§ **TASK**: Whichever lines of the material contain "White", copy each of them.
···
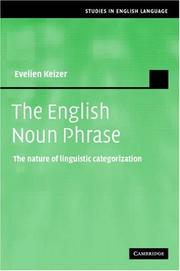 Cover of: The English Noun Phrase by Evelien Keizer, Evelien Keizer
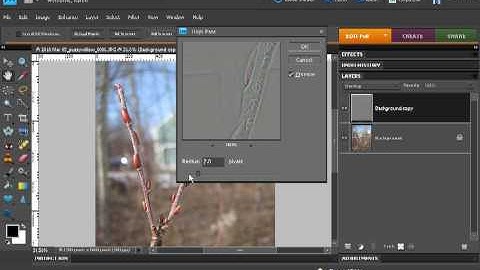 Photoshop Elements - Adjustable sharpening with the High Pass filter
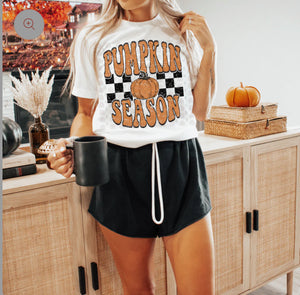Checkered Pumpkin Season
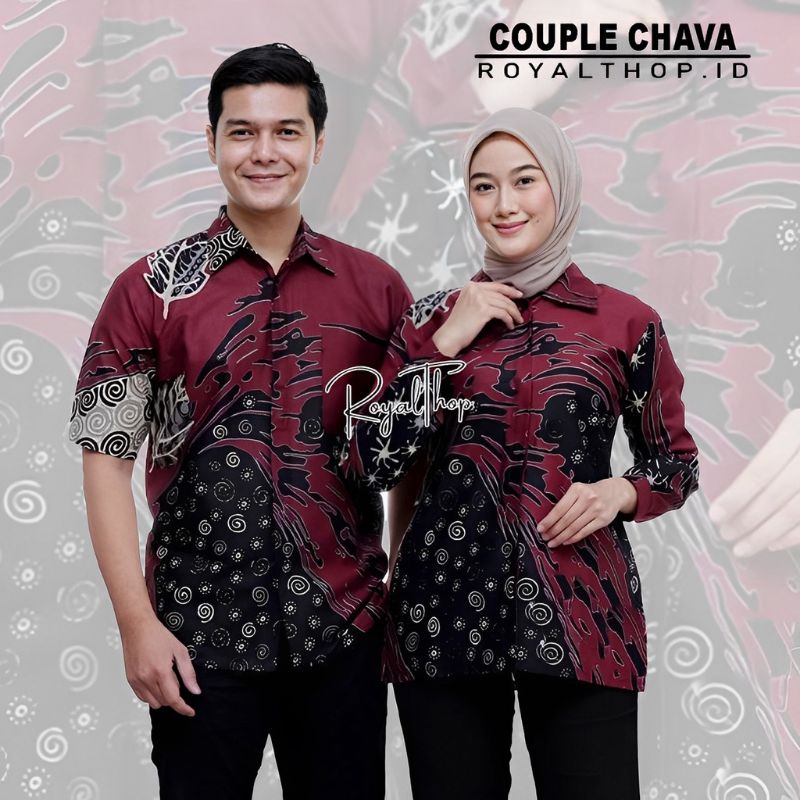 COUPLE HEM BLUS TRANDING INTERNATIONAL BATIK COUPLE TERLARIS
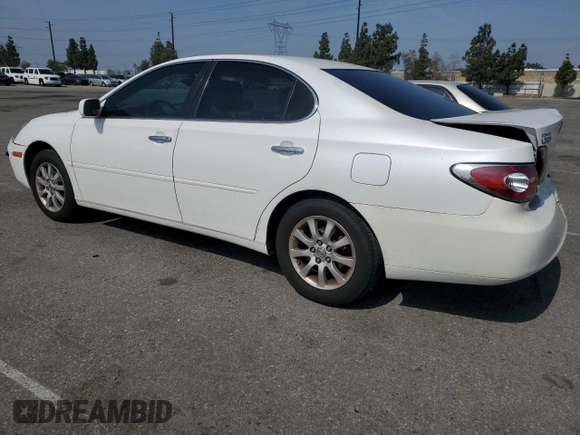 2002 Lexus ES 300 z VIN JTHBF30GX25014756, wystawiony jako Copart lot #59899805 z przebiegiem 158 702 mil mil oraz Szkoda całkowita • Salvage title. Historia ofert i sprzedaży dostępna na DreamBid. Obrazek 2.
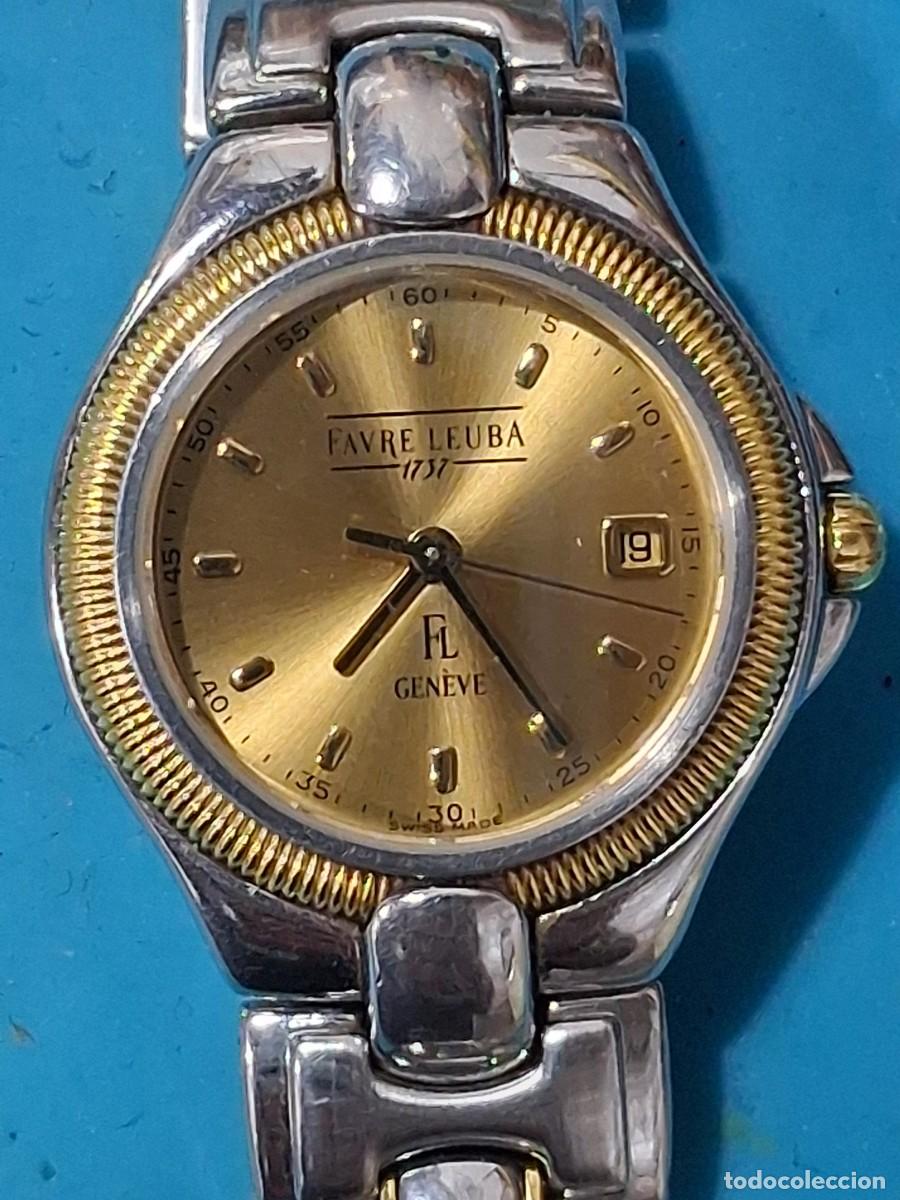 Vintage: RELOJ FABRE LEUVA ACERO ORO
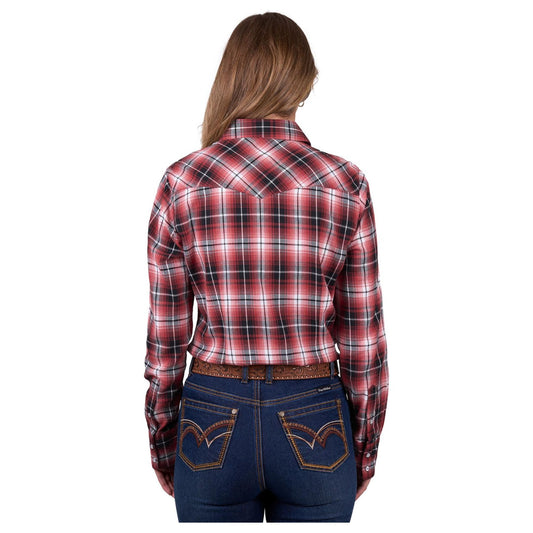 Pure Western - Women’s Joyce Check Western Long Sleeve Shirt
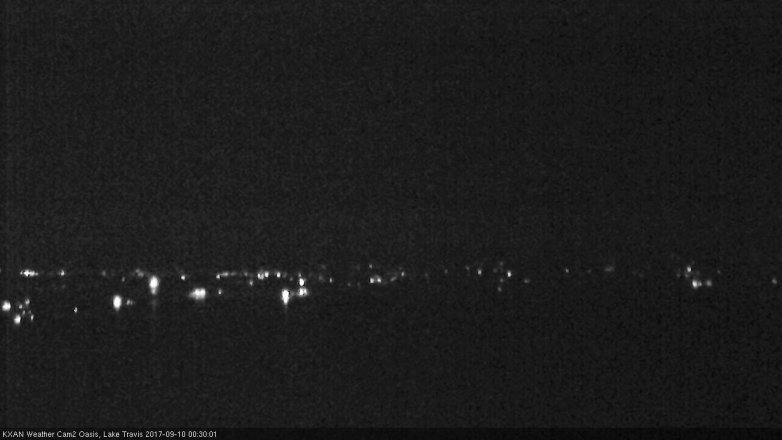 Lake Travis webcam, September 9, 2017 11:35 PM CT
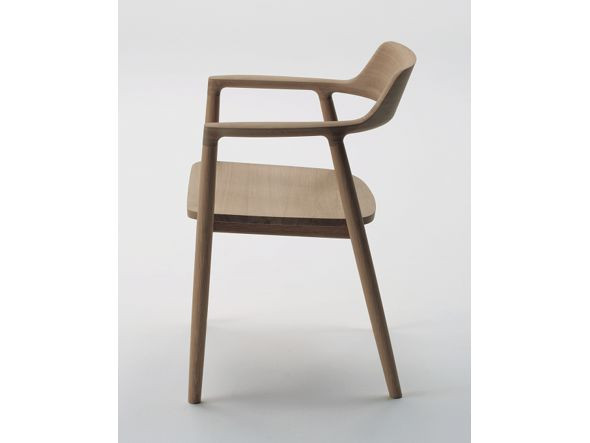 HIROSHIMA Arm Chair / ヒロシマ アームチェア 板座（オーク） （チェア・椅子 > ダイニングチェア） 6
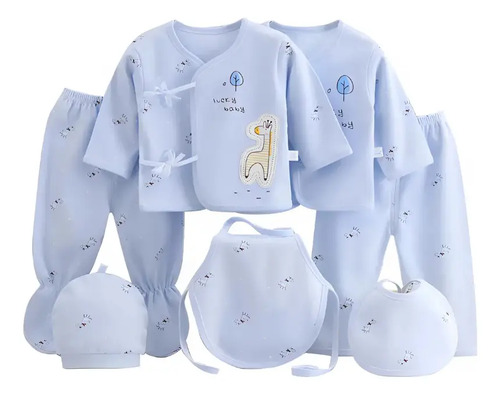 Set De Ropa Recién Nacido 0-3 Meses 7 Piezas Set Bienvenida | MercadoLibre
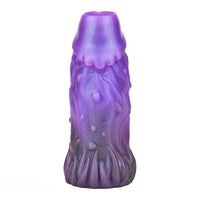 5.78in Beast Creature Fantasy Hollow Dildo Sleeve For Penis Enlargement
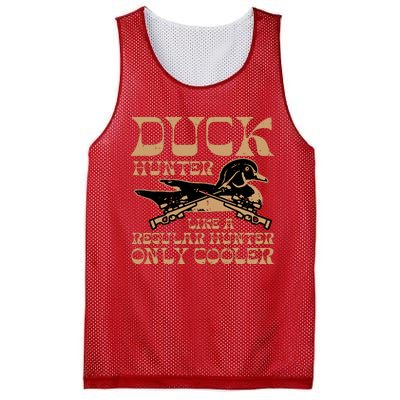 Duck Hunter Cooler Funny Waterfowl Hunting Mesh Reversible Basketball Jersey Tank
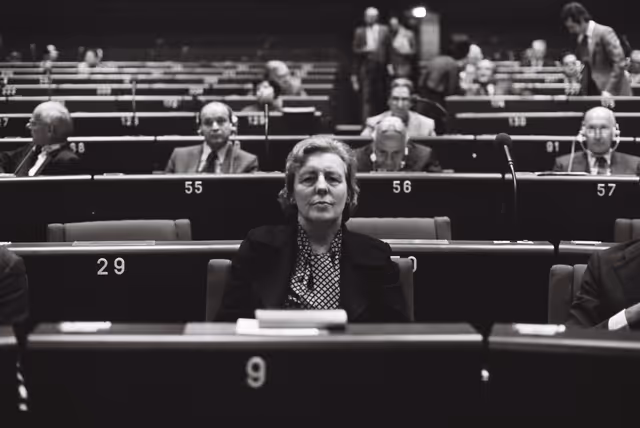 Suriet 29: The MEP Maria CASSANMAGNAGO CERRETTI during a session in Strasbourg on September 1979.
···
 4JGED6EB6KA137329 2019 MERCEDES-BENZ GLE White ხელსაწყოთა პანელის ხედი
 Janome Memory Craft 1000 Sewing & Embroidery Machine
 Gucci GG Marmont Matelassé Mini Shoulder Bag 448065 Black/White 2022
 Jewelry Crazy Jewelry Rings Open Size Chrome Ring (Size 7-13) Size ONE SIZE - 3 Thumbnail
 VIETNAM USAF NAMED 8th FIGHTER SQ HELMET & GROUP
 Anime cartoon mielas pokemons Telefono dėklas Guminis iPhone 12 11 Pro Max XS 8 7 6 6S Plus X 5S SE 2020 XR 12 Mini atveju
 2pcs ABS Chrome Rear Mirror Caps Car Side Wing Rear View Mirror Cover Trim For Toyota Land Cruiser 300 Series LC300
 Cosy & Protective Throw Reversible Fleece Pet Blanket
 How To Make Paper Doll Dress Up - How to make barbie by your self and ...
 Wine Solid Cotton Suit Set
···
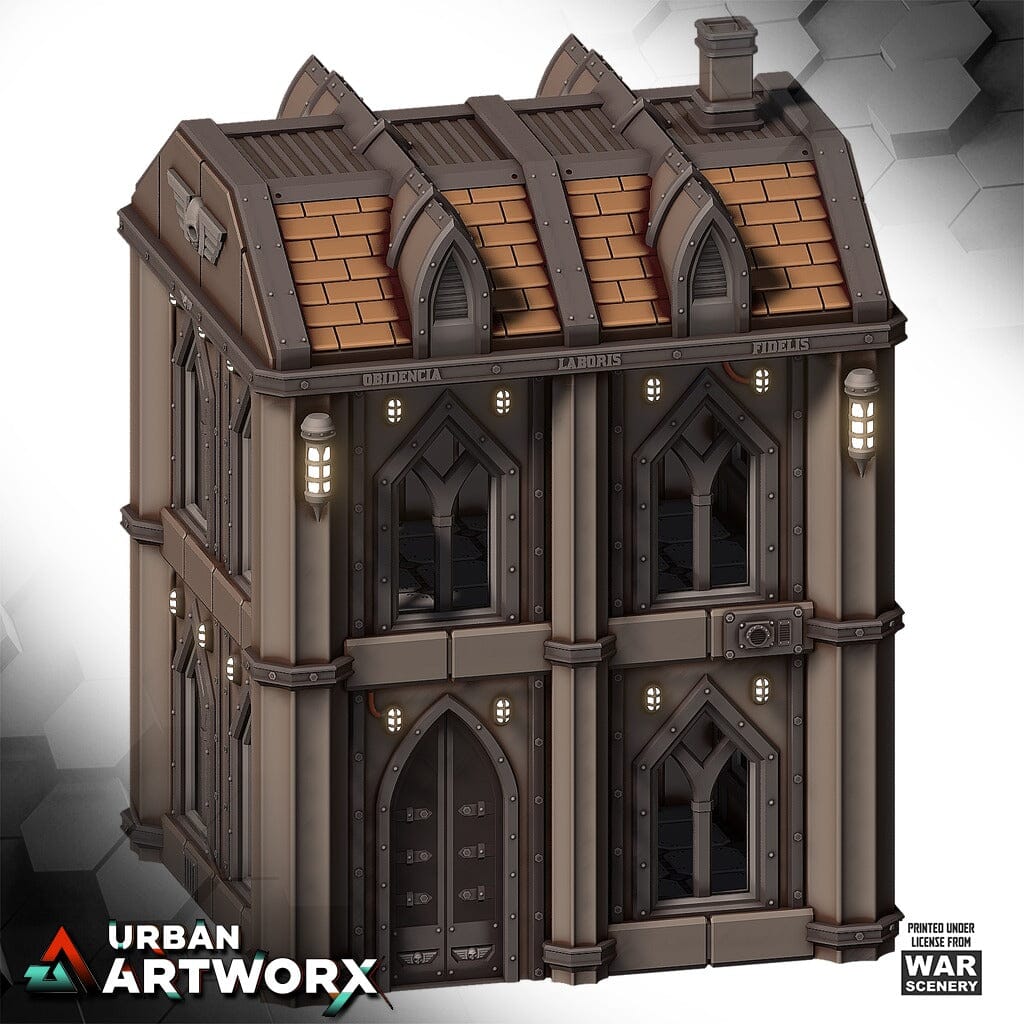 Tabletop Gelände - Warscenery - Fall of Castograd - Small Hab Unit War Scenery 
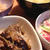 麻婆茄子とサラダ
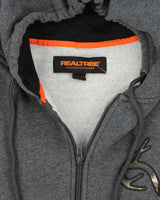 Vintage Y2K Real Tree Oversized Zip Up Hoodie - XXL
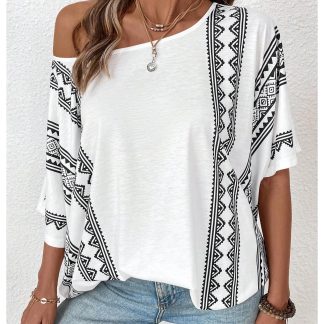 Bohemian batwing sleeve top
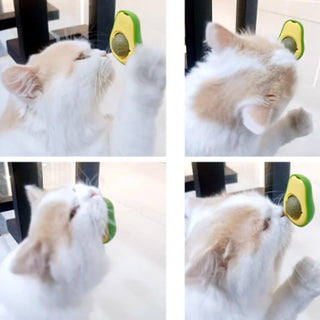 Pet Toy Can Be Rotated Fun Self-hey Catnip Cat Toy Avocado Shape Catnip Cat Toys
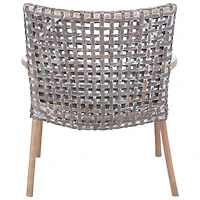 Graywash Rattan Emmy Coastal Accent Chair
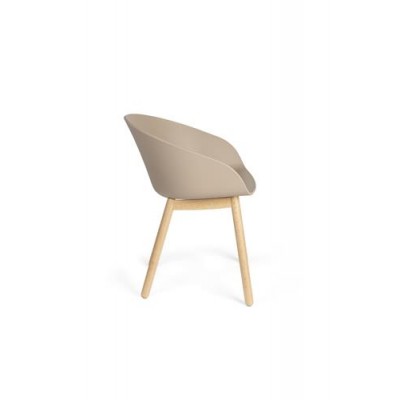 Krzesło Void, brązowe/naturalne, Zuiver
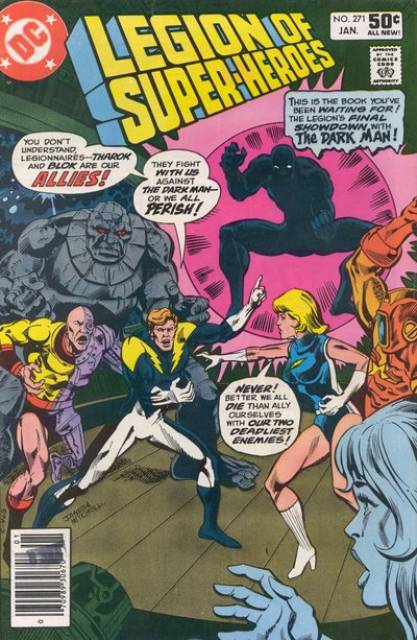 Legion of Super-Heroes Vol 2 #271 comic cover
···
§ **THE ANSWER**:
 4JGED6EB6KA137329 2019 MERCEDES-BENZ GLE White ხელსაწყოთა პანელის ხედი
 Gucci GG Marmont Matelassé Mini Shoulder Bag 448065 Black/White 2022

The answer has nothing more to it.